PROVIDED INFORMATION:
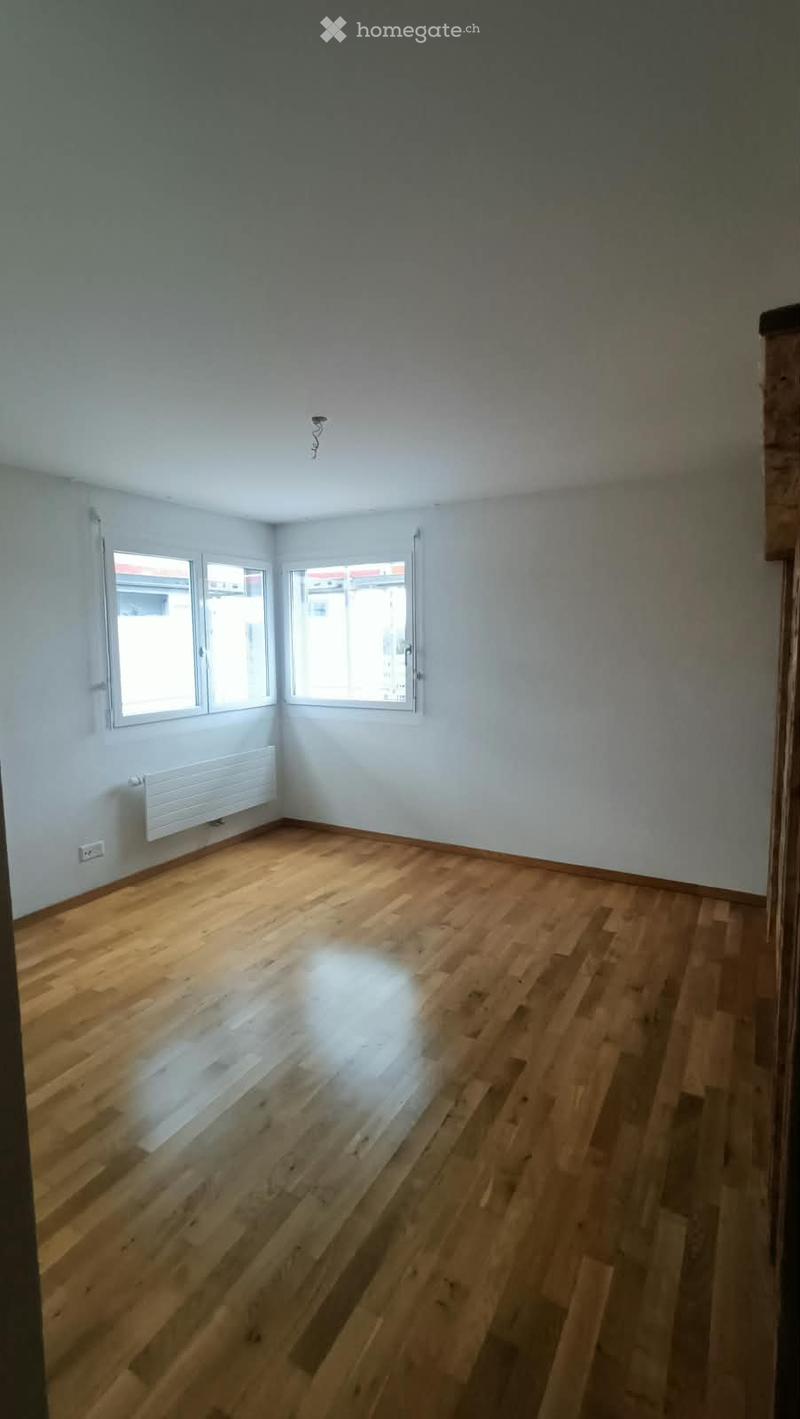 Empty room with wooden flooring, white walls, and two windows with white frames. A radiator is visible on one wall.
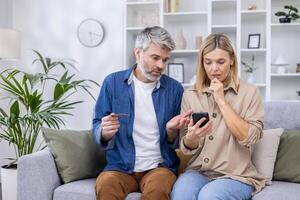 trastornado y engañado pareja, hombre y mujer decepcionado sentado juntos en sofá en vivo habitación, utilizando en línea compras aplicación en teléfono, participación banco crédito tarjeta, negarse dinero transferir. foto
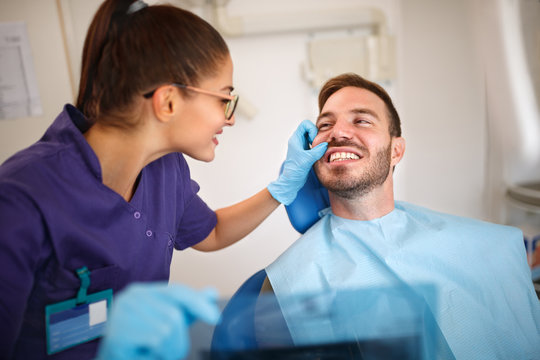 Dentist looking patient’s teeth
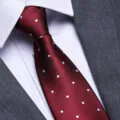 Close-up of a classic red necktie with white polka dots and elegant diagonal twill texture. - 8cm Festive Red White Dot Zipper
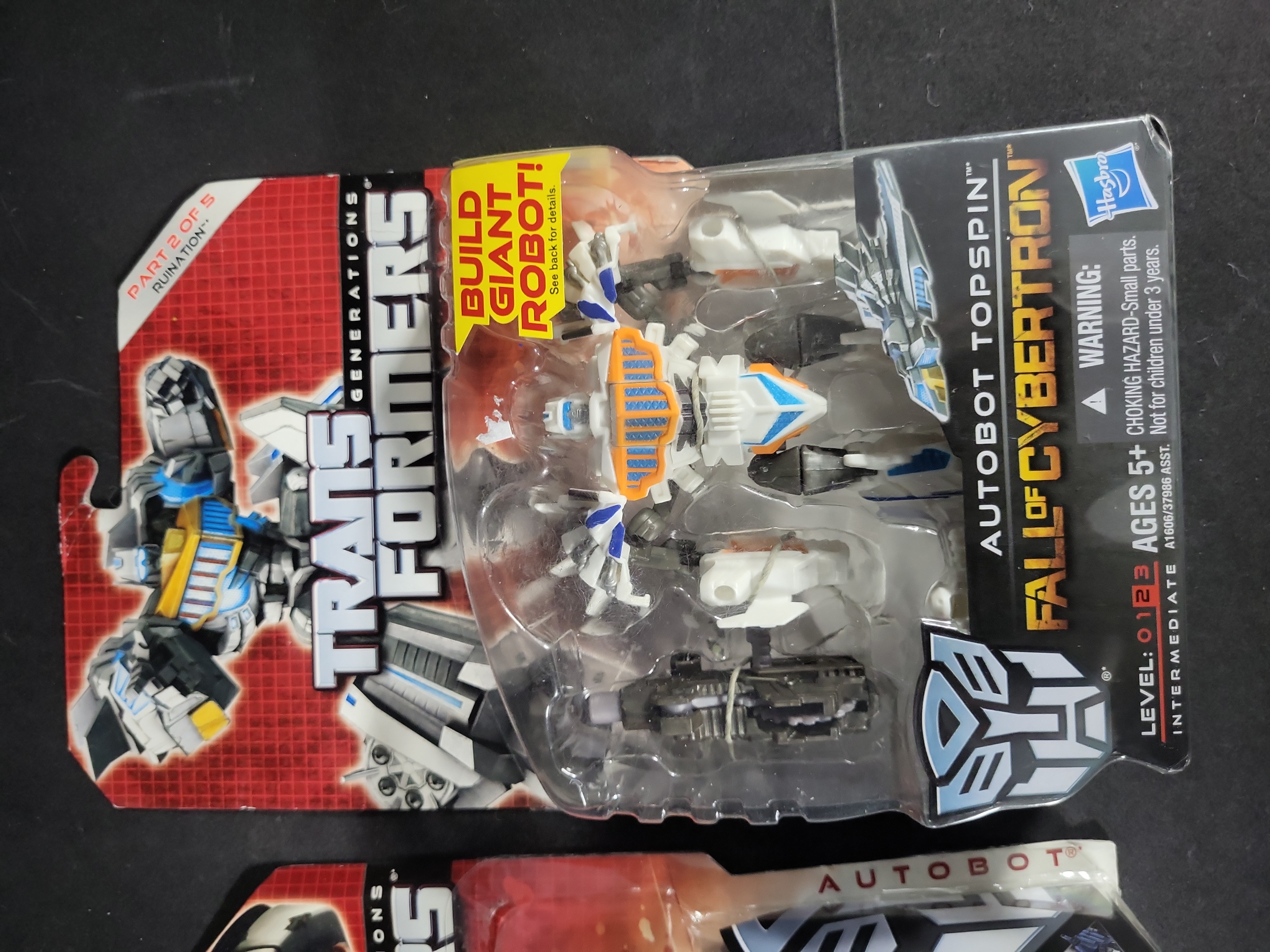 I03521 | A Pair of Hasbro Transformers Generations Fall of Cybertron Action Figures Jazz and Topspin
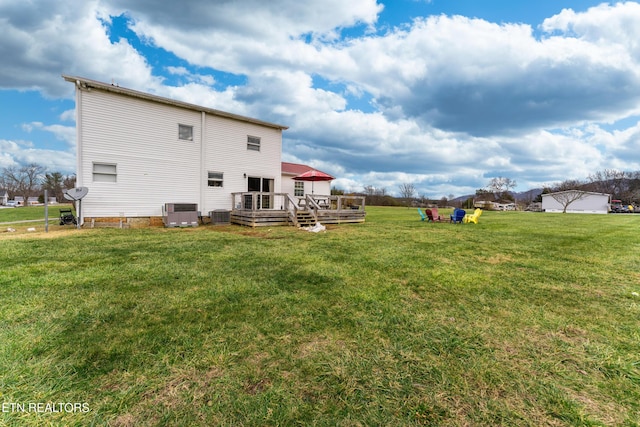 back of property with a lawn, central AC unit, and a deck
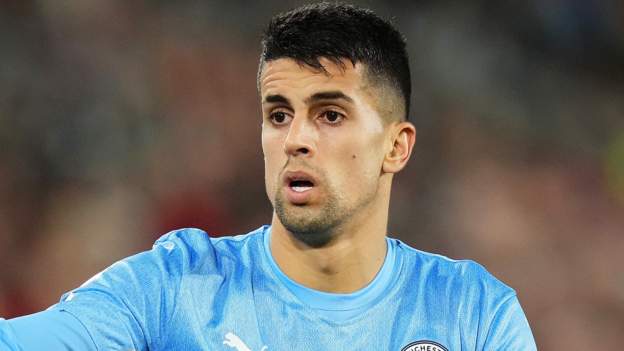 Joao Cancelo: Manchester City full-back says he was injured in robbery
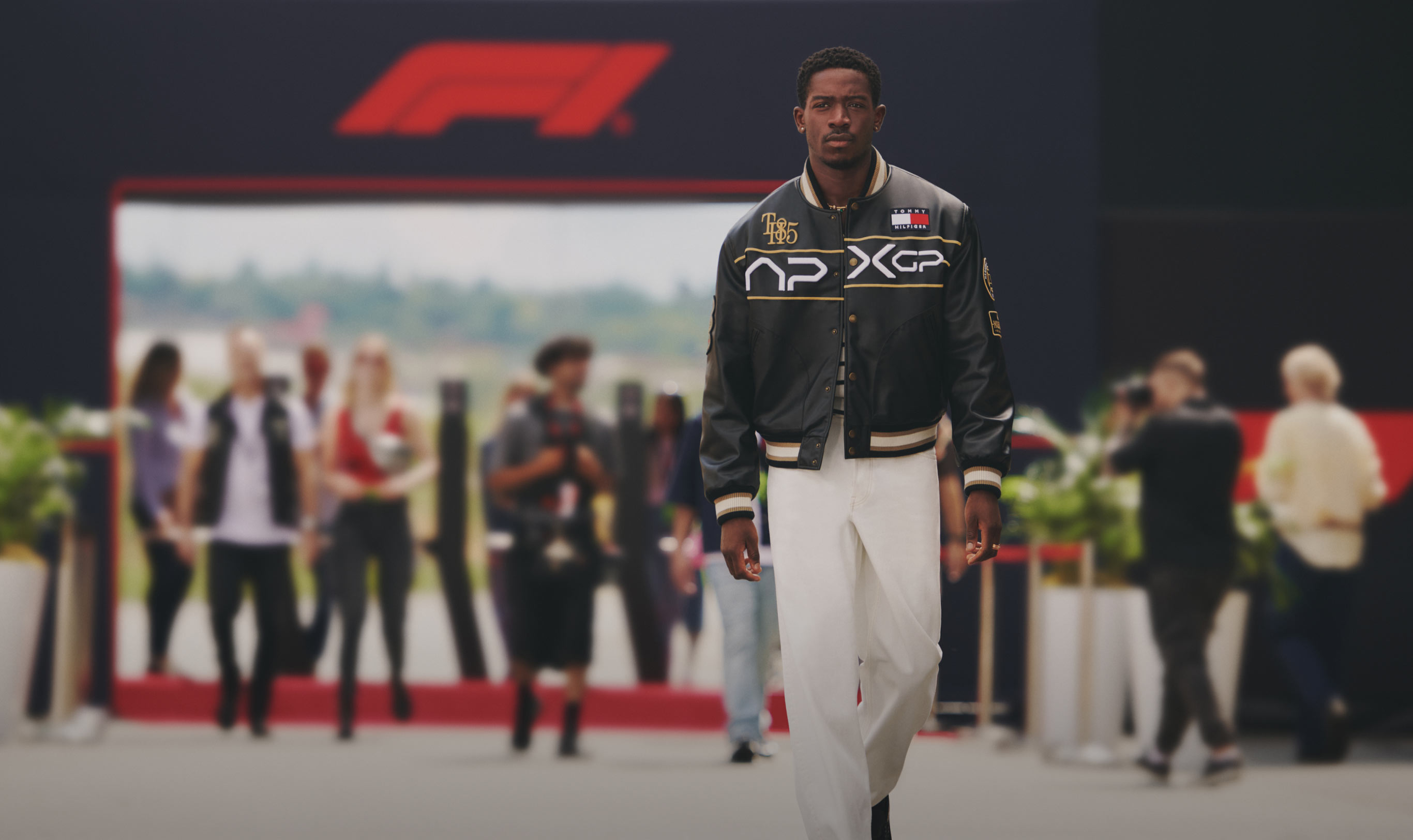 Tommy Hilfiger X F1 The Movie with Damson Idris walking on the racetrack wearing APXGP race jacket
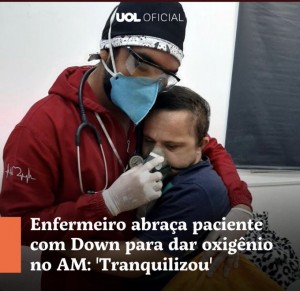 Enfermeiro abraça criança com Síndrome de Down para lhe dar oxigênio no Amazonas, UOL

TASK BRIEF: Beginning with the line that holds "Close-up of a" and continuing to the end of the entries above, set down each line exactly, both ends included; include no pictures.

EXERCISE ANSWER:
 Close-up of a classic red necktie with white polka dots and elegant diagonal twill texture. - 8cm Festive Red White Dot Zipper
 I03521 | A Pair of Hasbro Transformers Generations Fall of Cybertron Action Figures Jazz and Topspin
 back of property with a lawn, central AC unit, and a deck
 Joao Cancelo: Manchester City full-back says he was injured in robbery
 Tommy Hilfiger X F1 The Movie with Damson Idris walking on the racetrack wearing APXGP race jacket
 Enfermeiro abraça criança com Síndrome de Down para lhe dar oxigênio no Amazonas, UOL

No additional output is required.